Each of the appellants here, who were defendants in this forcible entry and detainer action, sustained such a relationship to the action in which the sale was ordered and actually made, and also to the premises ordered to be sold. One of them, Mrs. Mary Goodloe, was a party to that action — she being the widow of her deceased husband who owned the land ordered to be sold and for whose debts and settlement of whose estate the sale was ordered — but whether free from her right *Page 786 of dower, or encumbered with that right, is not shown by this record. At any rate the situation, at the time this action was instituted in the inferior court in which it was done, was such as to entitle appellees (plaintiffs in this action) to a writ of possession obtained in the manner hereinbefore set out, and which I contend was their exclusive remedy. That contention, where the remedy by a writ of possession is available (and which is true in this case as pointed out), is based upon what I conclude is an incontrovertible and logical deduction from the facts. Such deduction is, that courts should not approve a practice whereby a superior court having exclusive jurisdiction to order the sale of real estate may be deprived of its jurisdiction to completely enforce its decrees and to permit the enforcement, to the extent that it is unfinished, to be completed by an inferior court who never possessed any right to order the land sold, or to put the purchaser at any such sale in possession, which is a part of the enforcement authority inherent in the superior court possessing exclusive jurisdiction to render the decree. See 34 C. J. 737, section 1139.

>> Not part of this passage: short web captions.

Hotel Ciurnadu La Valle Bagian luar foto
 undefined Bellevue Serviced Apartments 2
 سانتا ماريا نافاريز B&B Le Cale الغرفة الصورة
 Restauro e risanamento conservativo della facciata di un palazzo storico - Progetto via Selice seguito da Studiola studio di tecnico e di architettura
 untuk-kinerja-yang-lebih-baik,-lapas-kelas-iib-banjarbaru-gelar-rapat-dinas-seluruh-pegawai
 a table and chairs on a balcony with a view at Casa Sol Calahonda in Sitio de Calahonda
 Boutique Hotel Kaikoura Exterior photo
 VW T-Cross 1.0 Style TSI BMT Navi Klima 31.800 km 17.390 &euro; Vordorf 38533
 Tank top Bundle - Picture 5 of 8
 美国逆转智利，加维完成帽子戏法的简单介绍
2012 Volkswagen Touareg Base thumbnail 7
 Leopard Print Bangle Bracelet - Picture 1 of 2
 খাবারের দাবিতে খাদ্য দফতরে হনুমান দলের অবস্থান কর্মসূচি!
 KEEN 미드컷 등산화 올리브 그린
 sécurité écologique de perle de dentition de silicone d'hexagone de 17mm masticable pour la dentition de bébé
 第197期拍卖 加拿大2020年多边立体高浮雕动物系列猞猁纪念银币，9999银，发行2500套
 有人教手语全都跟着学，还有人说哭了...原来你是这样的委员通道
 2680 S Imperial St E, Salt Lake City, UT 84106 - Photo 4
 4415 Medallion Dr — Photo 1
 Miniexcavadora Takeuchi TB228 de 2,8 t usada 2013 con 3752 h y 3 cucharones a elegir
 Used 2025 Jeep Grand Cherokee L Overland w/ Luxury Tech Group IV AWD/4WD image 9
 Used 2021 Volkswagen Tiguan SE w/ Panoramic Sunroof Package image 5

It will be remembered that, neither plaintiffs in the instant action as remote vendees of the purchaser at the judicial sale, nor such purchaser, nor any intermediate vendee of the purchaser, had ever been placed in possession of the property. The only extent to which the litigation in which the sale was ordered and made had progressed, was the rendering of the judgment, ordering the sale, its making and confirmation, followed by a deed from the master commissioner. At that stage of the proceeding (which was the actual one here) there yet remained to be performed — as a part of the enforcement relief inherent in the court rendering the judgment — the putting of the purchaser in possession of the sold premises, and which relief that court could undoubtedly grant. In upholding the right of appellants to pursue the remedy they employed (forcible entry and detainer), the majority opinion announces the principle that an inferior court may step in at the juncture above referred to and itself determine whether or not the purchaser is entitled to the possession, and if so to award it to him, and which amounts to nothing more nor less than saying that awarding possession to the purchaser in such cases and in such circumstances — although *Page 787 a part of the enforcement of the circuit court decree — may be taken away from the court rendering the decree and conferred upon such inferior court.

It is admitted that the law is to the effect that a perfect stranger to the litigation in which the decretal sale was ordered (with not even privity relation thereto) may not be ousted by a writ of possession issuing from that court, and that the purchaser as against him would be entitled to the remedy invoked in this case, or an action of ejectment — dependent upon the facts — but, as above pointed out, we have no such case. Upon the traverse by appellants to the Crittenden Circuit Court the motion made by them to dismiss the "traverse" was treated by the circuit court as a motion to dismiss the writ, and which I think was correct. The trial in the circuit court upon the traverse is a de novo one, and it appears to have been conceded by everyone connected with the case that the motion was intended to be one for a dismissal of the action upon the ground, no doubt, that the remedy employed was not available to the plaintiffs therein.

For the reasons stated I do not think it was, and I am persuaded that the order of the circuit court dismissing the action was correct, and that its judgment should be affirmed. Wherefore, I most respectfully dissent.